She might be a force of nature on a surfboard now, but when pro surfer Tia Blanco first started surfing it was a less-than-promising start.
“I fell off a wave, and when I came up for a breath, my board flung up from under the water and hit me right below my nose,” Blanco recalls. “The doctor said that if the board hit me a couple inches higher, I could have died. I had a severe concussion, but fortunately I was OK.”
Now zeroing in on close to a decade’s worth of experience since that near-fatal oceanic encounter, Blanco has developed mentally and physically into one of the world’s best surfers. Currently ranked 47th in the World Surf League with a trio of top-10 finishes, the 20-year-old is planning to leverage her strengths—and add a little bit of luck—to make a final climb in the 2017 season standings with this weekend’s White Buffalo Women’s Pro in Japan, and then a week later at Australia’s Port Stephens Toyota NSW.

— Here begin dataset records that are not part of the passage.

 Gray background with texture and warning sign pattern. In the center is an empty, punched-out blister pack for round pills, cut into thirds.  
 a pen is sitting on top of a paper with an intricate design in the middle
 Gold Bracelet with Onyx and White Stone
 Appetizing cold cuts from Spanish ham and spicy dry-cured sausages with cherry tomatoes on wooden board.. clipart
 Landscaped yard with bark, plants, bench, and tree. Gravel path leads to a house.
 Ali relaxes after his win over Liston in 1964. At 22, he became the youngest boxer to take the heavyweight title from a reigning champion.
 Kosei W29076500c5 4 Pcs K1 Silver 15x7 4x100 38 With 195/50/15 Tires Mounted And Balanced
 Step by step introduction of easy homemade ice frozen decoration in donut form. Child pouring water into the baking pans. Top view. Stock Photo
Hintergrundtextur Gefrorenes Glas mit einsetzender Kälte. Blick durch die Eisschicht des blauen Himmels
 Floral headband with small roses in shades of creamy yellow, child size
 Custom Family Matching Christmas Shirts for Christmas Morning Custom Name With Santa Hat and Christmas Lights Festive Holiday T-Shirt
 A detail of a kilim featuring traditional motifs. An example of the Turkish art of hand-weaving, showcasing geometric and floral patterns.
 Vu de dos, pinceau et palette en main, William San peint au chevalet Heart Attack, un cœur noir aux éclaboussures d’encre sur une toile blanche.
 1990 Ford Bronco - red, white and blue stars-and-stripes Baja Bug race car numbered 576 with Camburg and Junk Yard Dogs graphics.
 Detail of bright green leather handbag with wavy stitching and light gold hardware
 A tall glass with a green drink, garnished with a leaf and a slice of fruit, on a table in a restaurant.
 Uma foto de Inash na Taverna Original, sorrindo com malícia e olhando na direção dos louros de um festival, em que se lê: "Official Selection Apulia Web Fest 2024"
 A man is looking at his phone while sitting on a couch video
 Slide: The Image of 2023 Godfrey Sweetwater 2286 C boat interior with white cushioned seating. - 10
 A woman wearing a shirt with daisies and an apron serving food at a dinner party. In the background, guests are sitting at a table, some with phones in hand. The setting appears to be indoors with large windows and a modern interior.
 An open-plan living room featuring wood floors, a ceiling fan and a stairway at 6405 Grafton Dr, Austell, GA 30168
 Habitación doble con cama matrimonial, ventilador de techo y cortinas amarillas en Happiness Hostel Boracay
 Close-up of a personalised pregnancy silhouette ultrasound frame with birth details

“In competition, the best surfer doesn’t always win,” Blanco says. “There are so many different variables to surfing, and sometimes luck comes into play. I have been to contests where it was purely a wave-catching contest because the waves were so scarce. Traveling around the world to show up for a heat and then there were no waves—it’s happened more often than not this year.”
The volatile waters of the Pacific serve as both Blanco’s office and gym, and for at least an hour each day you’ll find her working on cutbacks and other surf moves. Surf practice alone is a full body-blasting workout that hits all the major muscles, and would suffice as a workout for most. “Usually my back and shoulders are sore the next day from paddling,” Blanco says. But that’s just a snippet of Blanco’s workout itinerary. She says she skips the weight room during the season, and instead prefers to either run up to five miles several times a week, or downward-dog and warrior-one her way through yoga for that perfect mind-body connection every surfer needs.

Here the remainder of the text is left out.